TAENİA SAGINATA Tedavi: -Prazikuantel (Anipracit) 5-10 mg/kg po tek doz ( ilk şeçenek) -Niklozamid (Yomesan) 2 gr po tek doz (erişkin formlarına etkili) -Alternatif olarak Albendazole kullanılabilir Tedaviden sonraki 3 ay içinde hasta halka veya yumurta çıkarmaz ise tedavi başaralı olarak kabul edilir. Korunmada özellikle hijyene ve çiğ et yememeye dikkat edilmelidir. Etlerin 56 oC de 5 dk pişirilmesi yada -20 oC de 7-10 gün dondurulmasıyle enfekte larvalar harap olmaktadır.

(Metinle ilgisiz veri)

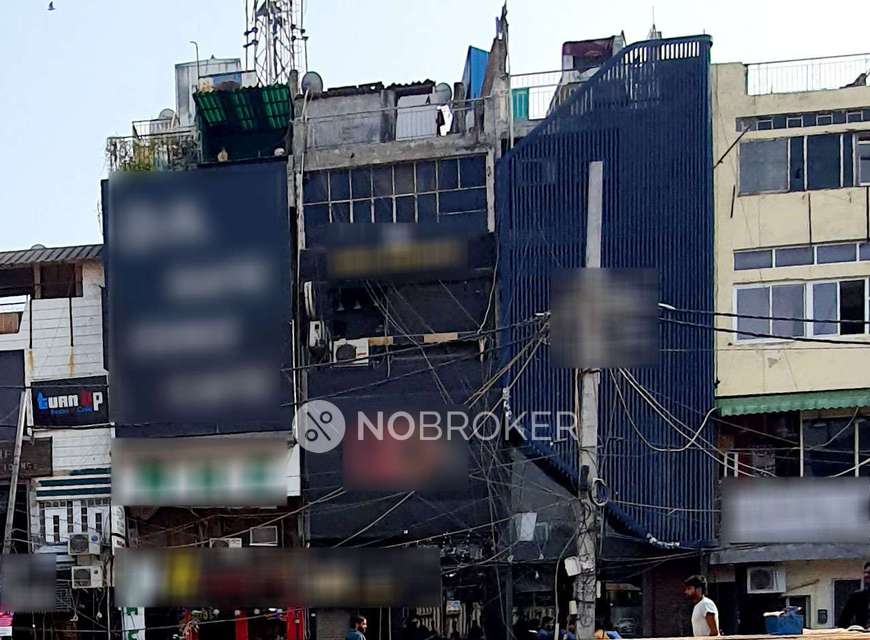 Commercial Property in Mukharjee Nagar, Delhi for sale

TAENİA SOLIUM T. saginata dan farklı olarak insan ara konak olabilir. Skoleksinde çengel içermesi ile T. saginata dan ayrılır. Yumurtaları T. saginata dan farklı olarak enfeksiyözdür (Sistiserkoz). Erişkin formu T. saginata da ki gibi semptom verebilirken, larval formu yerleştiği organ göre (kas ağrısı, görme bozukluğu, epilepsi, felç veya baş ağrısı…) farklı belitiler gözlenebilir.
TAENİA SOLIUM Tanı ve tedavi T. saginata da ki gibidir. Ancak Niklozamid tedavisinde sistiserkozis riski bulunmasından dolayı tedavi sonrası 2-4 saat sonra müshil verilerek tenyanın hızla atılıması sağlanmalıdır.